There's a headline I've never written before, for sure. A new paper in PNAS describes an assay in nematodes to look for compounds that have an effect on nerve regeneration. That means that you have to damage neurons first, naturally, and doing that on something as small (and as active) as a nematode is not trivial.
The authors (a team from MIT) used microfluidic chips to direct single nematodes into a small chamber where they're held down briefly by a membrane. Then an operator picks out one of its neurons on an imagining screen, whereupon a laser beam cuts it. The nematode is then released into a culture well, where it's exposed to some small molecule to see what effect that has on the neuron's regrowth. It takes about 20 seconds to process a single C. elegans, in case you're wondering, and I can imagine that after a while you'd wish that they weren't streaming along quite so relentlessly.
The group tried about 100 bioactive molecules, targeting a range of known pathways, to see what might speed up or slow down nerve regeneration. As it happens, the highest hit rates were among the kinase inhibitors and compounds targeting cytoskeletal processes. (By contrast, nothing affecting vesicle trafficking or histone deacetylase activity showed any effect). The most significant hit was an old friend to kinase researchers, staurosporine. Interestingly, this effect was only seen on particular subtypes of neurons, suggesting that they weren't picking up some sort of broad-spectrum regeneration pathway.
The paper acknowledges that staurosporine has a number of different activities, but treats it largely as a PKC inhibitor. I'm not sure that that's a good idea, personally - I'd be suspicious of pinning any specific activity to that compound without an awful lot of follow-up, because it's a real Claymore mine when it comes to kinases. The MIT group did check to see if caspases (and apoptotic pathways in general) were involved, since those are well-known effects of staurosporine treatment, and they seem to have ruled those out. And they also followed up with some other PKC inhibitors, chelerythrine and Gö 6983, and these showed similar effects.
So they may be right about this being a PKC pathway, but that's a tough one to nail down. (And even if you do, there are plenty of PKC isoforms doing different things, but there aren't enough selective ligands known to unravel all those yet). Chelerythrine inhibits alanine aminotransferase, has had some doubts expressed about it before in PKC work, and also binds to DNA, which may be responsible for some of its activity in cells. Gö 6983 seems to be a better tool, but it's is in the same broad chemical class as staurosporine itself, so as a medicinal chemist I still find myself giving it the fishy eye.

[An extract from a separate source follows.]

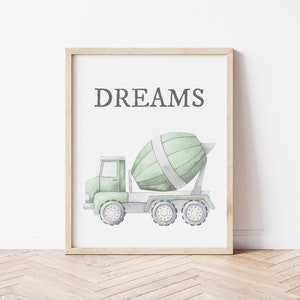 May include: Watercolor print of a green cement mixer truck with the word "DREAMS" in gray text. The truck has a light green cab and a rotating drum. The artwork is framed in a light wood frame.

This is very interesting work, nonetheless, and it's the sort of thing that no one's been able to do before. I'm a big fan of using the most complex systems you can to assay compounds, and living nematodes are a good spot to be in. I'd be quite interested in a broader screen of small molecules, but 20 seconds per nematode surgery is still too slow for the sort of thing a medicinal chemist like me would like to run - a diversity set of, say, ten or twenty thousand compounds, for starters. And there's always the problem we were talking about here the other day, about how easy it is to get compounds into nematodes at all. I wonder if there were some false negatives in this screen just because the critters had no exposure?